L’attentato, riferisce lo Stato maggiore della Difesa, è avvenuto nella mattina di domenica quando un Ied, un ordigno esplosivo rudimentale, è detonato al passaggio di un team misto di forze speciali italiane in Iraq.

Il gruppo (composto da personale del 9° reggimento “Col Moschin” paracadutisti e del gruppo operativo incursori della Marina militare) stava svolgendo attività di addestramento (“mentoring and training”) in favore delle forze di sicurezza irachene impegnate nella lotta all’Isis. Un paracadutista avrebbe perso una gamba.

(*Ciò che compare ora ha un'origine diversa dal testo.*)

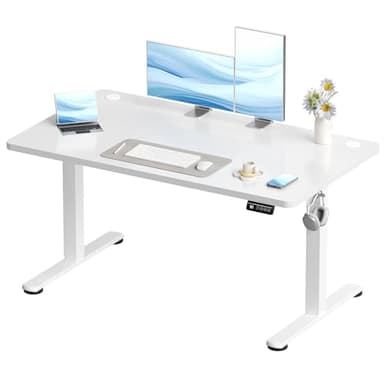 Devoko 120x60 cm Scrivania Regolabile in Altezza,Elettrica per Lavoro in Piedi, Ufficio e Casa, Standing Desk Scrivania Studio in Casa con Piano Assemblato, Bianco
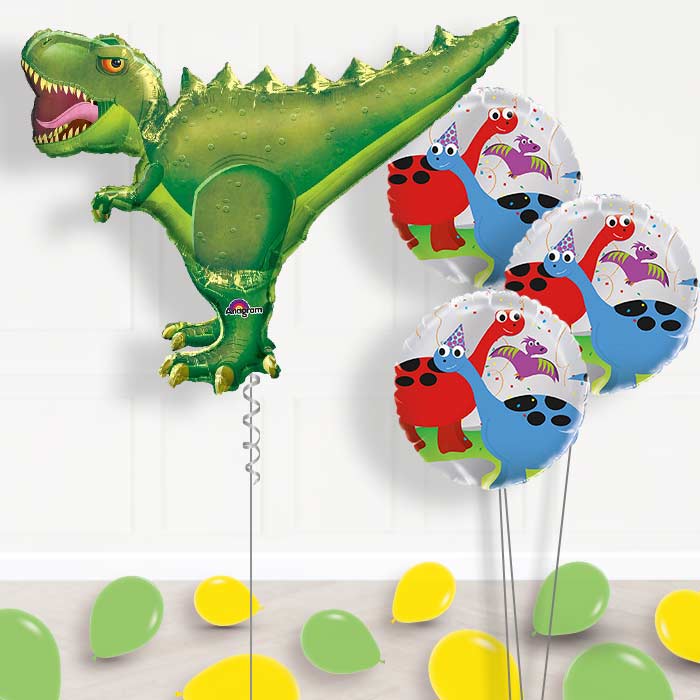 Green T-Rex Dinosaur Helium Balloon Delivered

Il ministro della Difesa, Lorenzo Guerini, “è stato prontamente messo al corrente dell’attentato dal capo di Stato maggiore della Difesa, il generale Enzo Vecciarelli, e segue con attenzione – viene sottolineato – l’evolversi della situazione”.  Guerini, che ha informato il Presidente della Repubblica Sergio Mattarella e il premier Giuseppe Conte, ha espresso “la più profonda vicinanza alle famiglie e ai colleghi dei militari coinvolti”. Nessuno dei cinque militari italiani feriti in Iraq è in pericolo di vita, secondo i medici che li hanno in cura. Lo riferisce l’ambasciatore italiano a Baghdad Bruno Antonio Pasquino.

Tra due giorni ricorre il sedicesimo anniversario dell’attentato di Nassiriya, che provocò ventotto morti, diciannove italiani e nove iracheni.